→ **ACTIVITY**
Write out the data word for word, taking care that no picture is carried over.

Pictures with short captions
_ _ _ _

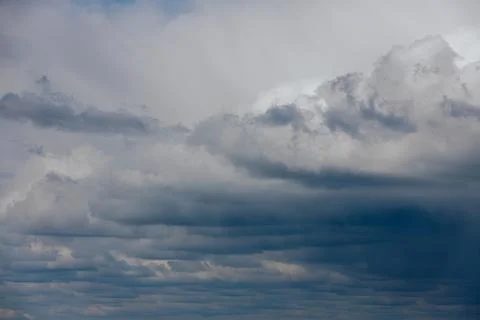 Thick storm clouds stretch across the sky with a visible curtain of rain falling Stock Photos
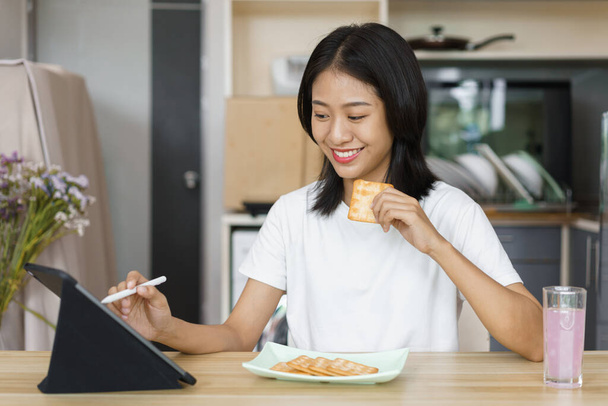 Otthon életmód koncepció, fiatal nő használja tabletta és étkezési keksz, míg a szabadidő otthon. - Fotó, kép
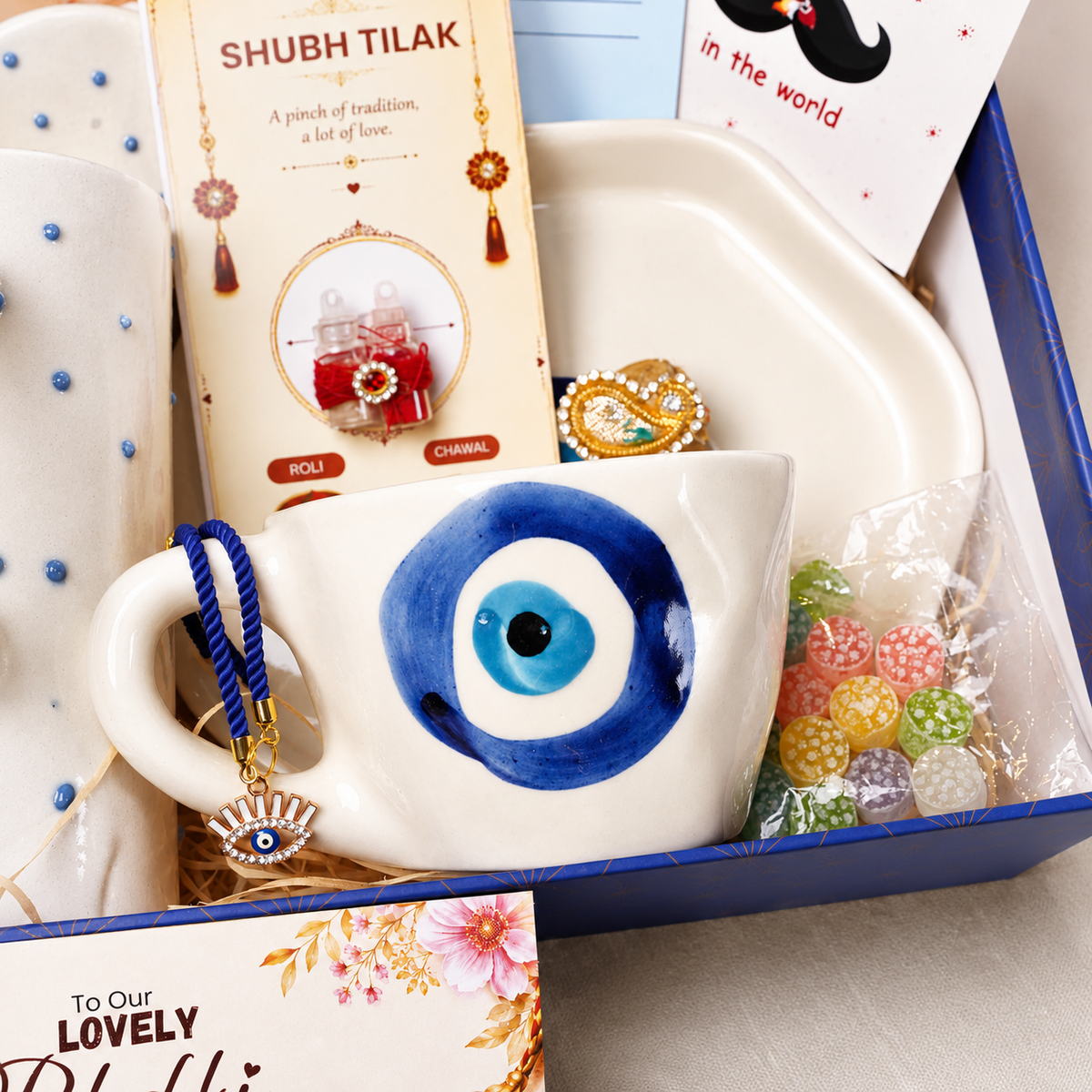 Artecasa Nazar Se Surakshit Rakhi Hamper | Evil Eye Rakhi Gift for Brother & Bhabhi - https://artecasa.in/
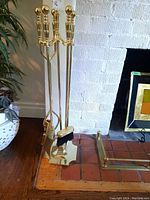 Full view of brass fireplace tool set with stand showing the shovel, broom, poker, and tongs leaning against the stand. Set positioned on brick hearth in front of white painted brick fireplace.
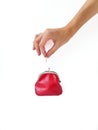 A woman`s hand puts money in a red purse with a metal lock on a white background. Saving money. Royalty Free Stock Photo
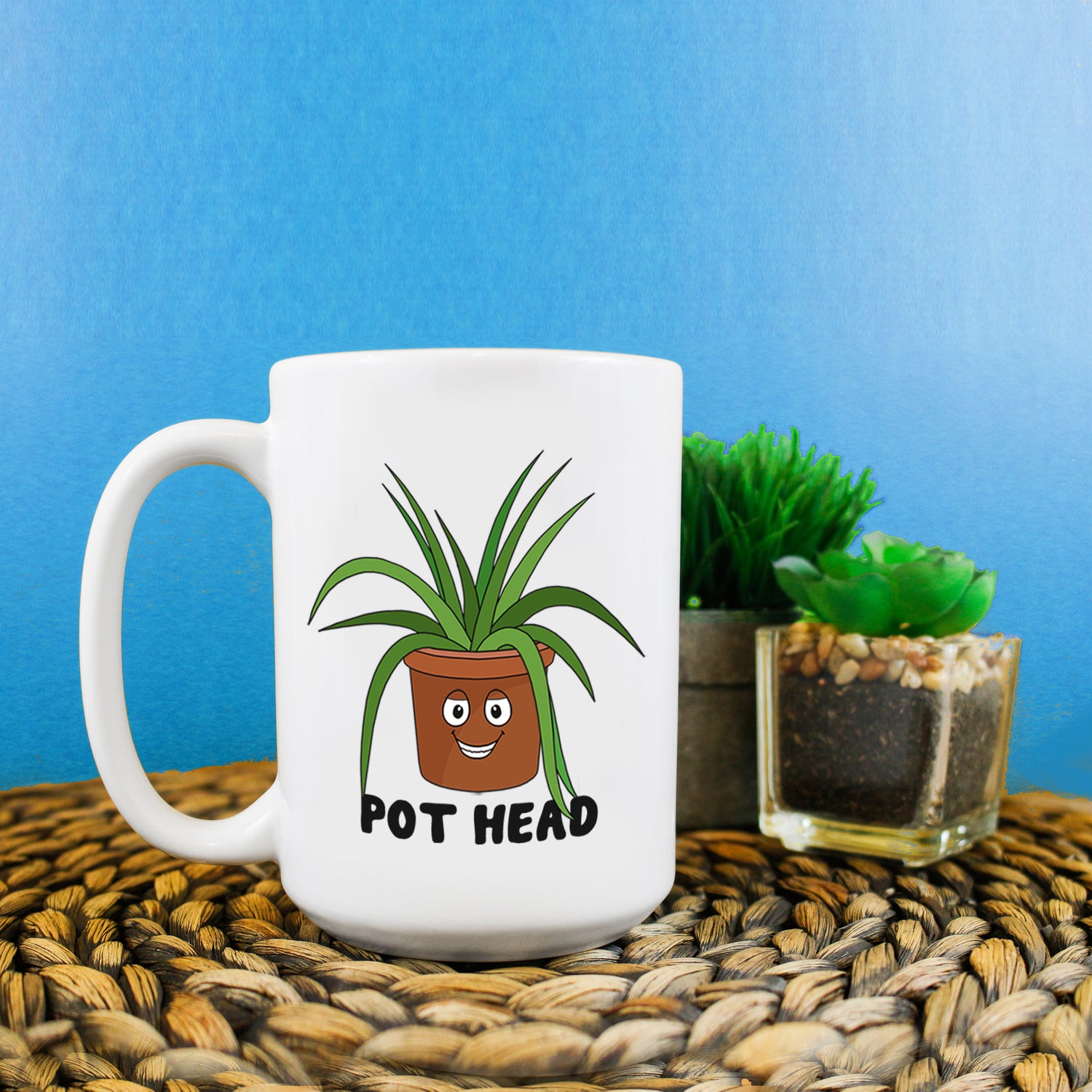 A funny mug. On the mug there's a smiling cartoon plant pot. Below it reads 'Pot Head.'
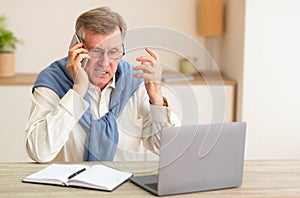Discontented Senior Man Talking On Phone Sitting In Modern Office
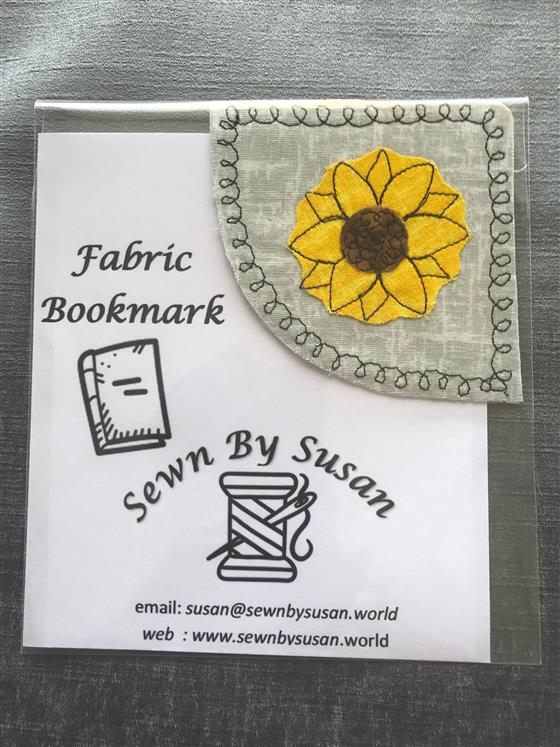 corner bookmark - sunflower on grey fabric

_ _ _ _

→ **ANSWER TO THIS PROBLEM**
 Thick storm clouds stretch across the sky with a visible curtain of rain falling Stock Photos
 Otthon életmód koncepció, fiatal nő használja tabletta és étkezési keksz, míg a szabadidő otthon. - Fotó, kép
 Artecasa Nazar Se Surakshit Rakhi Hamper | Evil Eye Rakhi Gift for Brother & Bhabhi - https://artecasa.in/
 Full view of brass fireplace tool set with stand showing the shovel, broom, poker, and tongs leaning against the stand. Set positioned on brick hearth in front of white painted brick fireplace.
 A woman`s hand puts money in a red purse with a metal lock on a white background. Saving money. Royalty Free Stock Photo
 A funny mug. On the mug there's a smiling cartoon plant pot. Below it reads 'Pot Head.'
Discontented Senior Man Talking On Phone Sitting In Modern Office
 corner bookmark - sunflower on grey fabric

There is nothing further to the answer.